Photo from usdagov on Flickr.
Amidst farmer concerns about data collection by agricultural technology companies, agrochemical and seed giant DuPont on August 9th agreed to buy software company Granular Inc. for $300 million. With the deal, DuPont greatly increases its ability to collect detailed data on the operations of individual farms.
Granular and other farm data companies collect information on farming activities, which they then aggregate and analyze. Farmers, in theory, could benefit from such aggregation by receiving reports that help them increase their yields and to decide when is the best time to harvest.
But Terry Griffin, an assistant professor at Kansas State University whose research focuses on agricultural technology and big data, says that data companies stand to benefit far more than the farmers themselves, and sometimes at the expense of the farmers.
The data companies, he says, could use the information they gather to market more products to farmers, or to speculate on commodity markets. Longer term, Griffin says, the rise of these new data companies could threaten the traditional role the Department of Agriculture has played in providing “accurate and timely information on commodity yield forecasts,” available to all farmers for free.
Data companies, Griffin says, could also “replace” at least a large portion of what the USDA’s National Agricultural Statistics Service does.
Many farmers worry that big technology companies will sell their data to competitors, or use it to offer them different prices for seeds than their neighbors. Others are generally alarmed at the idea of giving away their trade secrets, and concerned about the opacity surrounding who has access to the data collected on their farms.
To address these security concerns, the National Farmers Union, the American Farm Bureau Federation and several commodity groups, including the National Corn Growers Association and the American Soybean Association, in 2014 wrote the Privacy and Security Principles for Farm Data. Signatories to the principles are expected to collect data only when farmers explicitly approve, can’t sell farmers’ data without permission, and should make contracts clear and understandable to farmers. As of April 2016, companies such as Dow, DuPont, Granular, and John Deere had signed on to the principles.

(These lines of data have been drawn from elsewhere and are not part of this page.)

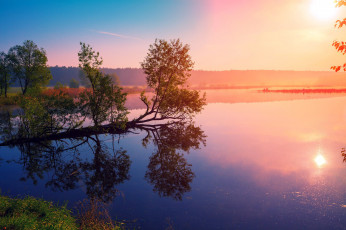 Картинка природа восходы закаты восход дерево река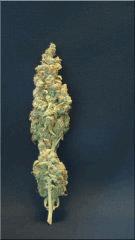 Flo +84  Cut La Tangie Bud B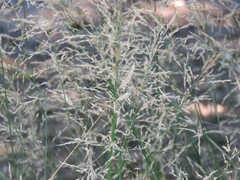 Eragrostis lehmanniana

That same coalition of farm and commodity groups also worked to establish the Ag Data Transparency Evaluator, a tool that allows farmers to better understand ag data companies’ practices. Today, nine companies have been certified “Ag Data Transparent,” including Granular. Granular’s farm management software is used on roughly 250 farms in the U.S.
But a May 2016 survey of about 400 farmers by the Farm Bureau found that 77 percent of farmers were still concerned about who could access their farm data, and almost 60 percent didn’t know whether data collected from their farms was being used by manufacturers to market products back to them.
Zack Clark, the director of government relations for the National Farmers Union, says that as the Big Data sector continues to grow, farmers have to have more of a say in how their data is used. “It’s [the farmers’] data, and we want them to have control over it,” he says. “If people are extracting value out of this data, farmers should benefit from it.” But the Privacy and Security Principles remain voluntary and are difficult to enforce.
Monsanto led the way into Big Data 2013 with its $900 million acquisitionof The Climate Corporation, a data analytics firm. Also that year, DuPont Pioneer and John Deere launched a partnership that linked John Deere’s tractors with Pioneer’s data services. In 2015, Syngenta purchased Ag Connections, a data analytics firm whose software integrates with John Deere and other manufacturers.
DuPont will merge later this month with Dow Chemical in a $130 billion deal. The merger is one of three mega-deals in the agrochemical space, joining Bayer’s acquisition of Monsanto and ChemChina’s acquisition of Syngenta. The latter deals were both approved by the Department of Justice and Federal Trade Commission this spring.